One of the capital’s most exclusive areas, Hampstead Village is a long-standing favourite with celebrities and American expats living in the capital. The area is well connected but its cobbled streets, leafy avenues and cosy pubs make it seem a world away from central London. Hampstead Heath is one of London’s largest ancient parks to lose yourself in and offers stunning views across the city. 

Property Notes: Hampstead is home to some of the most expensive real estate in the world, not just London. This is partly due to the larger number of detached houses which have remained as family homes and command a much higher price per square foot. Expect to pay a further premium for property in the middle of Hampstead Village or facing the Heath. 

Also Consider: Highgate Village to the North of Hampstead Heath has a similar feel – the two areas even share a local newspaper. 

London Property Consultancy
Hampstead Heath
Best Area to Live in London

THE CITY OF LONDON

The City of London is London’s historic financial district and home to many of the world’s largest finance and law firms. Its ever-rising skyline gives the area a unique feel compared to its more traditional neighbours. The City has managed to keep its charm with centuries old pubs and churches rubbing shoulder to shoulder alongside some of Europe’s tallest skyscrapers. 

The Square Mile stretches from Chancery Lane in the West to Aldgate East and is served by several tube stations. 

Property Notes: The City of London does not have the largest amount of housing stock and what there is comes at a premium. The area has around 10,000 residents but 300,000 commuters! There are several residential towers such as The Heron which are aimed at the luxury end of the market and those wanting as short a commute as possible from the office.  The iconic Brutalist housing development and arts centre The Barbican is definitely worth a visit even if you don’t want to live there.

Also Consider: For those wanting a similarly modern neighbourhood with a greater selection of new builds, try London’s second financial district – Canary Wharf.

CLERKENWELL

For our money, one of the capital’s most underrated areas. Clerkenwell boasts a fantastic range of architecture from medieval chapels to cutting edge modernist builds. Clerkenwell is home to a thriving creative sector with hundreds of design and furniture firms echoing the area’s manufacturing history.

The area is also home to the fantastic Exmouth Market which has a great range of dining options. 

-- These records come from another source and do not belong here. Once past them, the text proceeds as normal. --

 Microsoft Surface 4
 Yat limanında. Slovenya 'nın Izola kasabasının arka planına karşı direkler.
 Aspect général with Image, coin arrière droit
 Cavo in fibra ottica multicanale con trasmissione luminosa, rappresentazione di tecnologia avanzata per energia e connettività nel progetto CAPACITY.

Nearby Farringdon station is on the Crossrail route and will give residents even quicker access to the rest of London.  St Paul’s Cathedral and the River Thames are just a short walk away. 

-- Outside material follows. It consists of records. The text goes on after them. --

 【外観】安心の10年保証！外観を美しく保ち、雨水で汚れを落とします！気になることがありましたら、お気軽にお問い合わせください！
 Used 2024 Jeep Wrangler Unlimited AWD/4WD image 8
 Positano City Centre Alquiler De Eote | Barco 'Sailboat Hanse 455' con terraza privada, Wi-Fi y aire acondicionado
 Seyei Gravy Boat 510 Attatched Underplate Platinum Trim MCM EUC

Property Notes: Many former warehouses and schools in the area have been converted into tasteful apartments which have retained a lot of their original features. Local planning officers been more lenient towards experimental architecture and there are a lot of unique new builds in the area. 

Also Consider:  Whitechapel has a similar mix of heritage and modernity and also attracts young professionals in the creative sectors. 

Best Area to Live in London
Best Area to Live in London

Islington

One of our favourite North London areas. From the picturesque Regent’s Canal, elegant Georgian Squares to the bustling Angel – Islington offers something for everyone. 

The area is home to several arts centres and theatres such as The Almeida. Camden Passage is popular with locals and has a fantastic selection of independent shops and cafes.

Property Notes: Islington has a mix of period property and new builds offering something for everyone. The area surrounding Regents Canal provides a nice contrast to the bustling Upper Street and has fantastic Georgian terraces and garden squares. 

Also consider: Camden and the area around Mornington Crescent station has a similar vibe.